- Material for this exercise -
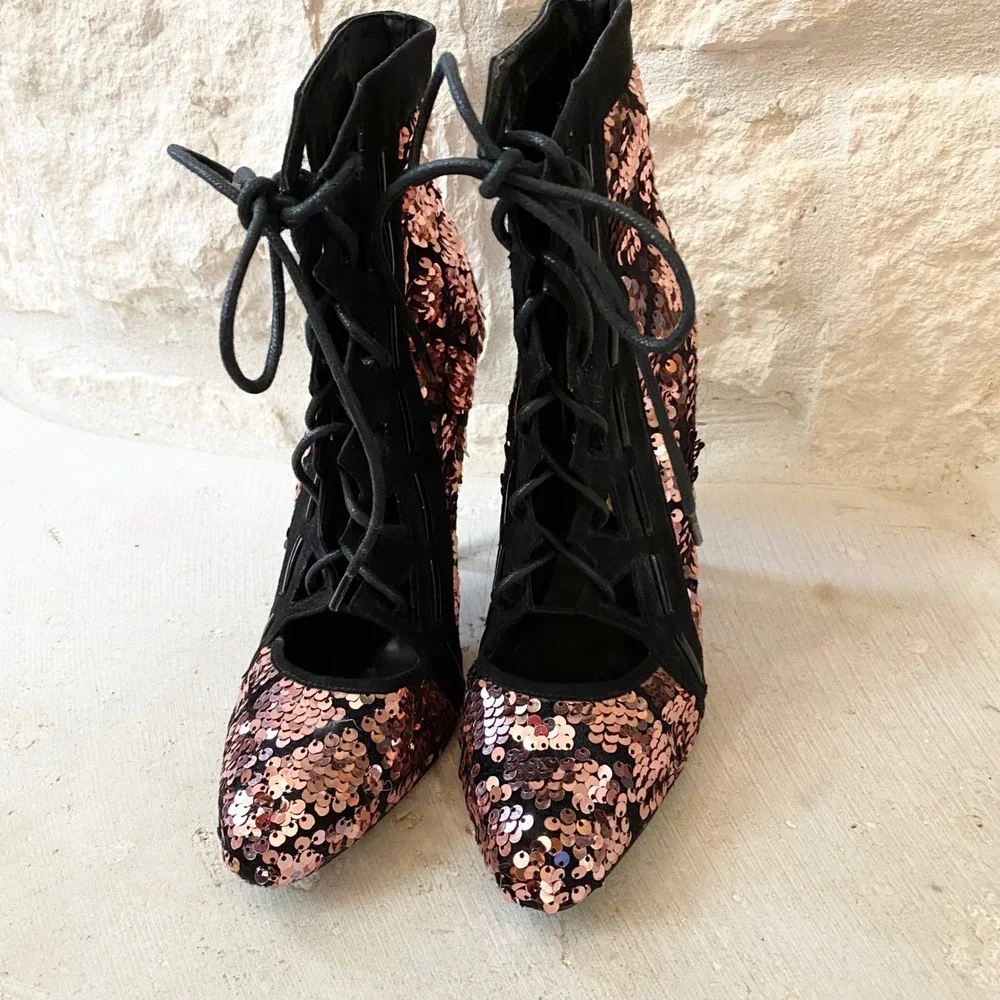 Privilege Starlit‎ Womens Rose Gold Black Sequin Size 7.5 Lace Up Stiletto Heels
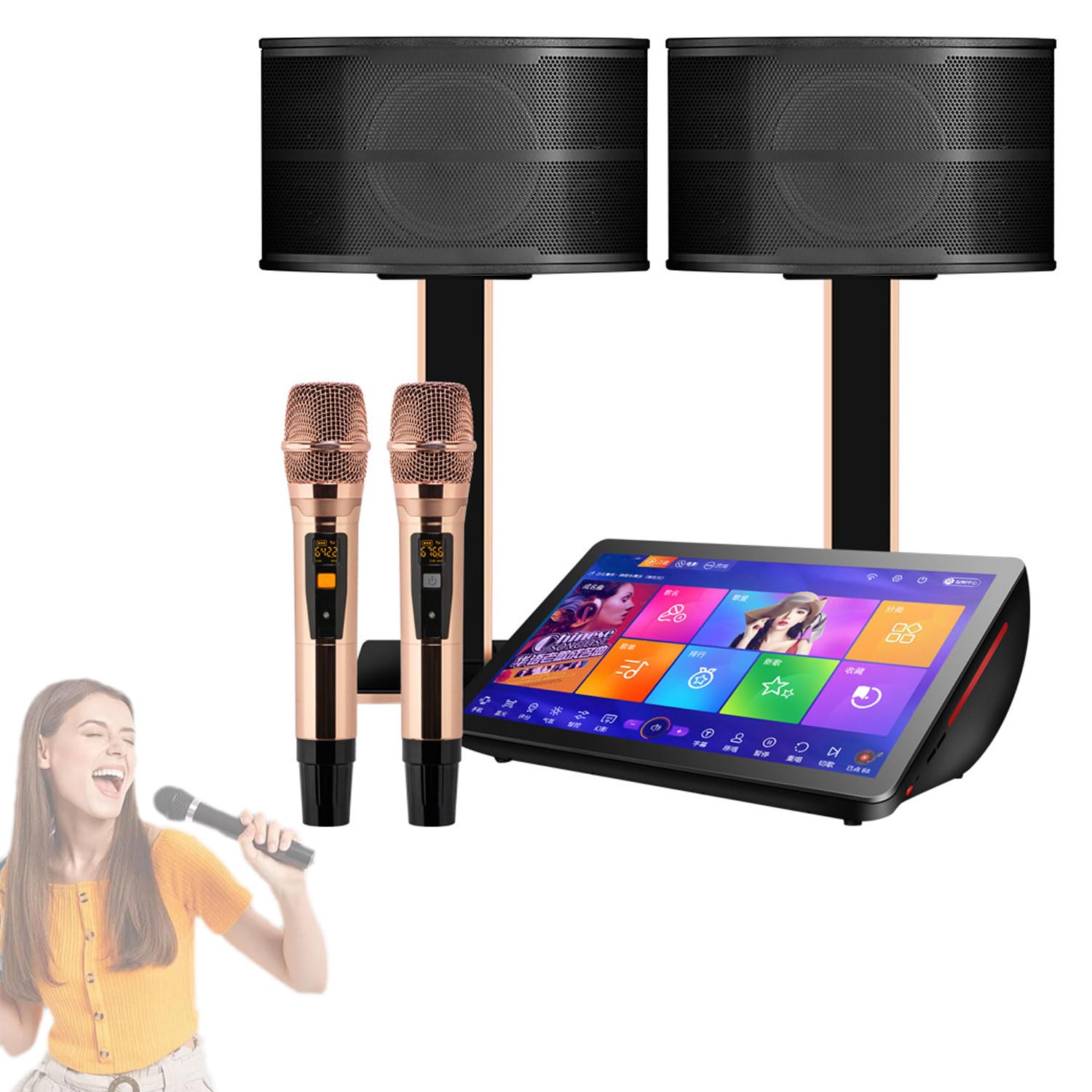 UWYTGF KTV Karaoke System, 19.5 Inch Professional 4K Capacitive Touch Screen Karaoke Player Set with Wireless Microphone & 10-inch Speaker, Power Amplifier Function, for Home, Bar (1T)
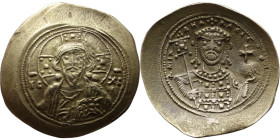 Michael VII Ducas,(1071-1078) electrum histamenon trachy.Obverse: . IX-XC to left and right of bust of Christ facing, with nimbus cross, raising right...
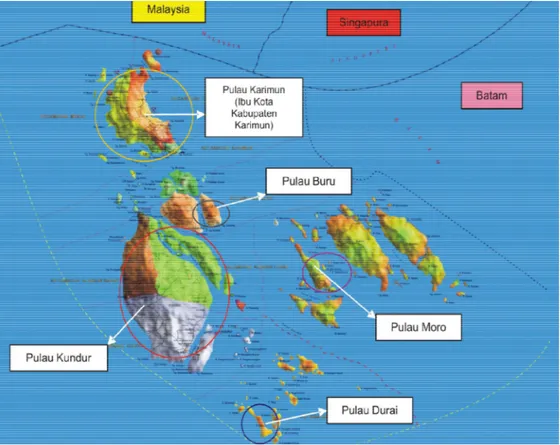 Gambar 1 memperlihatkan Ibu Kota Kabupaten Karimun terletak di Pulau Karimun yang dilingkari dengan warna kuning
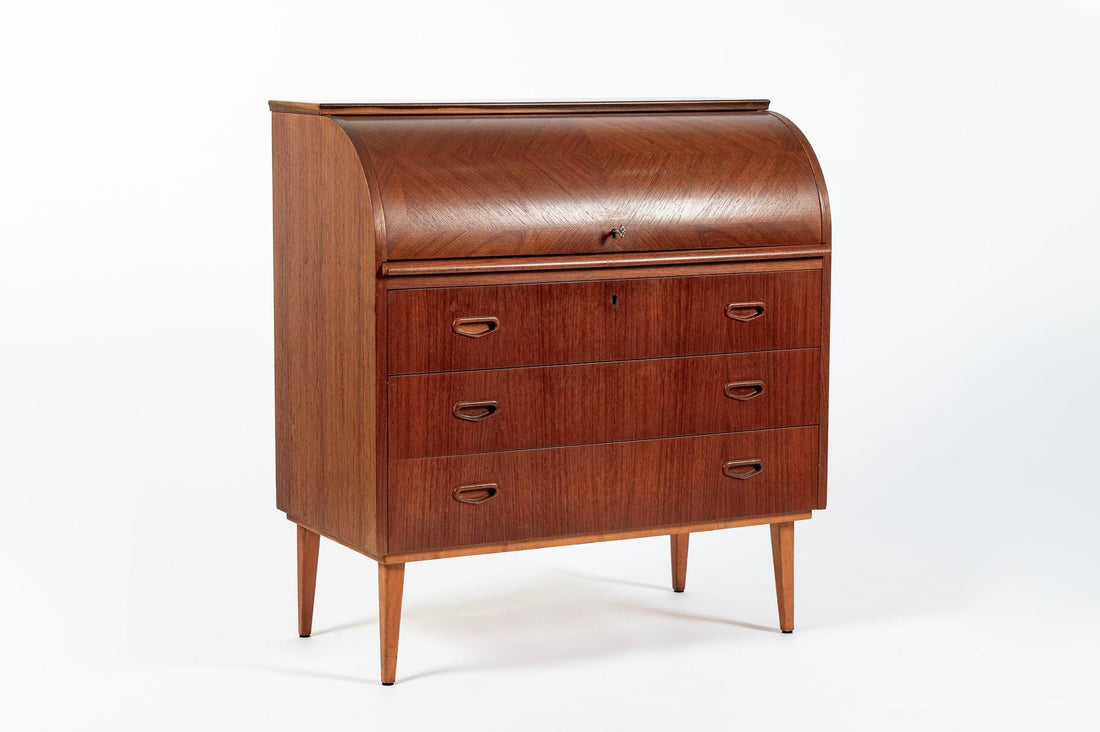 Scandinavian Teak Wood Rolltop Secretary Desk by Egon Ostergaard, Made in Sweden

- Problem details -
Which lines run from the one containing "Michael VII Ducas,(1071-1078)" through the last line of the entries above? Output them exactly, both ends included, with no pictures.

- Response to this exercise -
 Michael VII Ducas,(1071-1078) electrum histamenon trachy.Obverse: . IX-XC to left and right of bust of Christ facing, with nimbus cross, raising right...
 Gambar 1 memperlihatkan Ibu Kota Kabupaten Karimun terletak di Pulau Karimun yang dilingkari dengan warna kuning
 Scandinavian Teak Wood Rolltop Secretary Desk by Egon Ostergaard, Made in Sweden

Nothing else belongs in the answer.